Inactive substances: lactose monohydrate, microcrystalline cellulose, calcium phosphate, magnesium stearate, crospovidone, glycerol triacetate, hypromellose, iron oxide red (E 172), titanium dioxide, purified water.
Basic Provisions
This part of the brochure is primarily intended for those people who at a young age (ie, up to 50-55 years) suffered a myocardial infarction, suffer from angina pectoris, or who already at this age found an increase in the level of cholesterol in the blood. It deals with what was only mentioned in passing, earlier, about the hereditary and / or familial predisposition to the development of hypercholesterolemia (ie, high cholesterol in the blood) and coronary heart disease, and, accordingly, the need to examine the children of these " primedemenno "sick people. The last conclusion is based on three main provisions.
The first position.
It is known that an increase in cholesterol in the blood is often found in the next of kin. This happens due to the same living conditions, the same diet of people living together. The reason may be that people were brought up together and, even living far from each other, retain the habits of nutrition acquired in childhood.

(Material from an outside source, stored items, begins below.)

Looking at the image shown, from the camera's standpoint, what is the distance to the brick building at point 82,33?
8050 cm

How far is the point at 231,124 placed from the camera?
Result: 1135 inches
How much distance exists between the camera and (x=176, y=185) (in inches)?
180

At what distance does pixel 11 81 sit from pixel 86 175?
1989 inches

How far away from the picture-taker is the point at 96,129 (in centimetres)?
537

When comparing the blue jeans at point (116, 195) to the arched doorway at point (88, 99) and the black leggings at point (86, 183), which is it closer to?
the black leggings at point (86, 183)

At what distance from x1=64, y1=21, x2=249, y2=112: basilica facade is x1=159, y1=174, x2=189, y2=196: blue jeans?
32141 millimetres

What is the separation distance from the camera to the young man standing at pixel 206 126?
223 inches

But in some families, elevated cholesterol levels are definitely hereditary, caused by changes in one gene. In such cases, there is evidence of a monogenic disorder. One of the most serious monogenic disorders is that which leads to a condition called familial hypercholesterolemia. If one of the parents has such a violation in the genetic apparatus, a significant increase in the level of cholesterol in the blood (hypercholesterolemia) will be noted in every second child. And 90% of these children (with high cholesterol) will develop ischemic heart disease by the age of 65 years. In an average adult male with familial hypercholesterolemia, coronary heart disease develops by the age of 50.

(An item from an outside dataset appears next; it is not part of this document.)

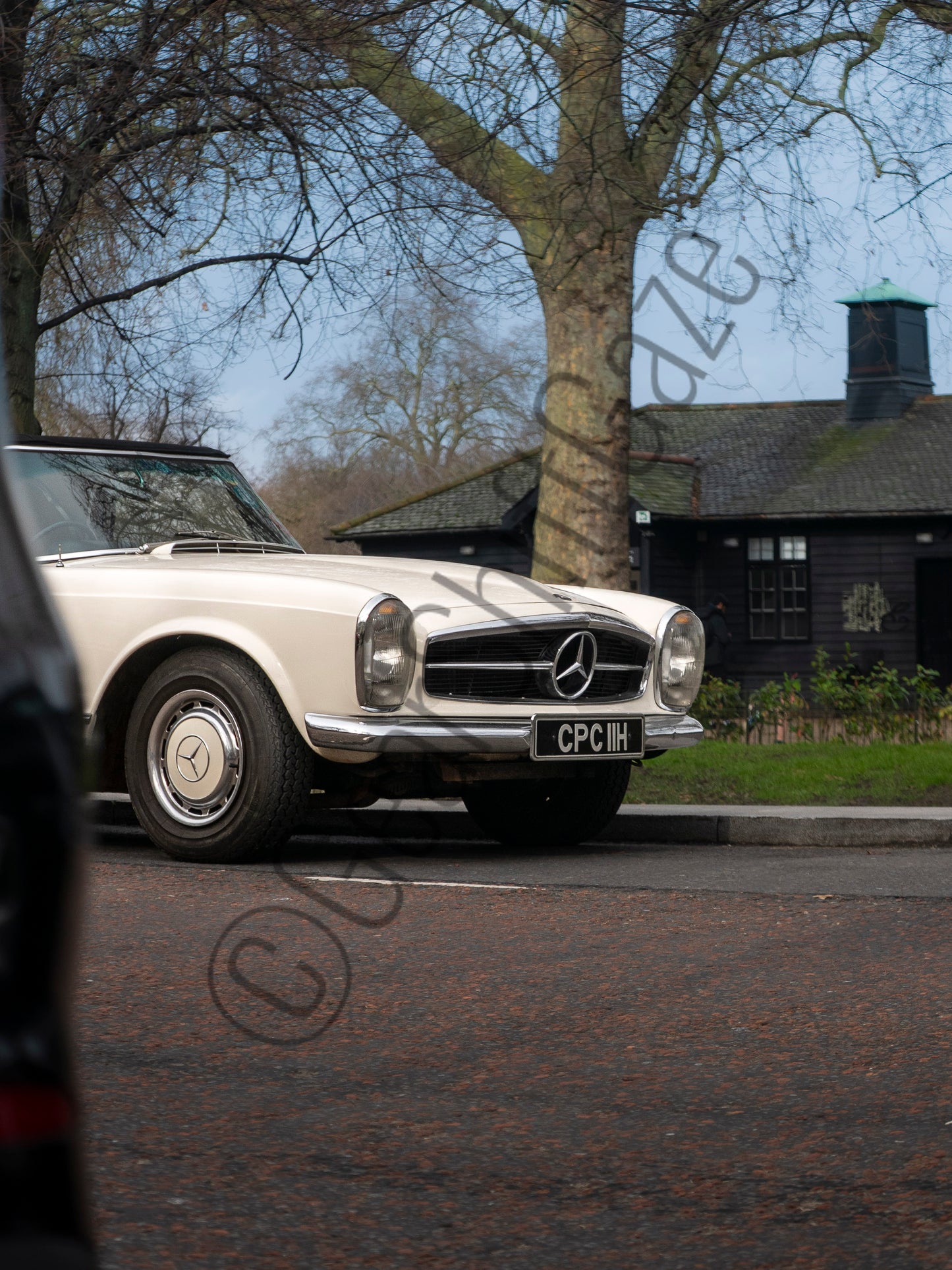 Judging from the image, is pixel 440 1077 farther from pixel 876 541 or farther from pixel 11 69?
pixel 876 541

Another inherited condition caused by a defect of one particular gene is family combined hyperlipidemia. A person with this condition has an increase in blood or cholesterol or other fatty substances - triglycerides, or both cholesterol and triglycerides at the same time.

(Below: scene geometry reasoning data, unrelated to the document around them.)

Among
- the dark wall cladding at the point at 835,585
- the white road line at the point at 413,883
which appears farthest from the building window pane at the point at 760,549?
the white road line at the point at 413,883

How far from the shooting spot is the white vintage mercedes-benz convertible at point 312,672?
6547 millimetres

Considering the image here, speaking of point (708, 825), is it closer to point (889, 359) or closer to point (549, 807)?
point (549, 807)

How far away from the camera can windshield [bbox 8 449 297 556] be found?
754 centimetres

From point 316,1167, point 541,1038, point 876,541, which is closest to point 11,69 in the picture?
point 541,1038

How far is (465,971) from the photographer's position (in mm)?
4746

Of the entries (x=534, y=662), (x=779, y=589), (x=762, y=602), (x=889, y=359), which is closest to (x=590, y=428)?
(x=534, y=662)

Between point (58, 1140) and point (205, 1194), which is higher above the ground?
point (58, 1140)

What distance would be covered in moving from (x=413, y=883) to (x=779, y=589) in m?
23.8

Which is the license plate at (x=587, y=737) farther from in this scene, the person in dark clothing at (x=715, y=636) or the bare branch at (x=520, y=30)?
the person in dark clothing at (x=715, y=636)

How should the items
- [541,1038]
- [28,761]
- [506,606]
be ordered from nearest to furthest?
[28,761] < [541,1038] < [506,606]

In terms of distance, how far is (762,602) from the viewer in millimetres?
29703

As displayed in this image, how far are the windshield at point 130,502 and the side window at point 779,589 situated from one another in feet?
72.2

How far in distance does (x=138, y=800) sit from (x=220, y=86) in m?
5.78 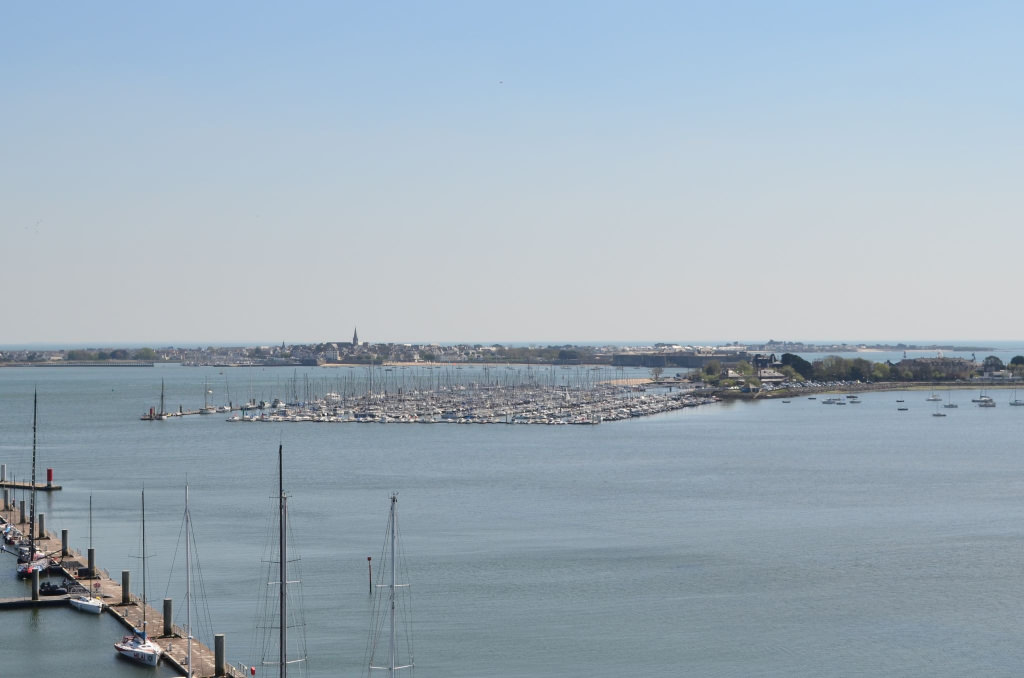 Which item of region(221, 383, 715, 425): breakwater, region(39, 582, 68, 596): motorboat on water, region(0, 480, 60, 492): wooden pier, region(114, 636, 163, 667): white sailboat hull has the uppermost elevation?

Family and family combined hypercholesterolemia are relatively rare conditions. They show up quite early. In the most severe cases of familial hypercholesterolemia, when a child receives defective genes from both the father and the mother (such forms are called homozygous) - a significant increase in cholesterol in the blood is detected in the earliest childhood and already then can lead to the development of myocardial infarction.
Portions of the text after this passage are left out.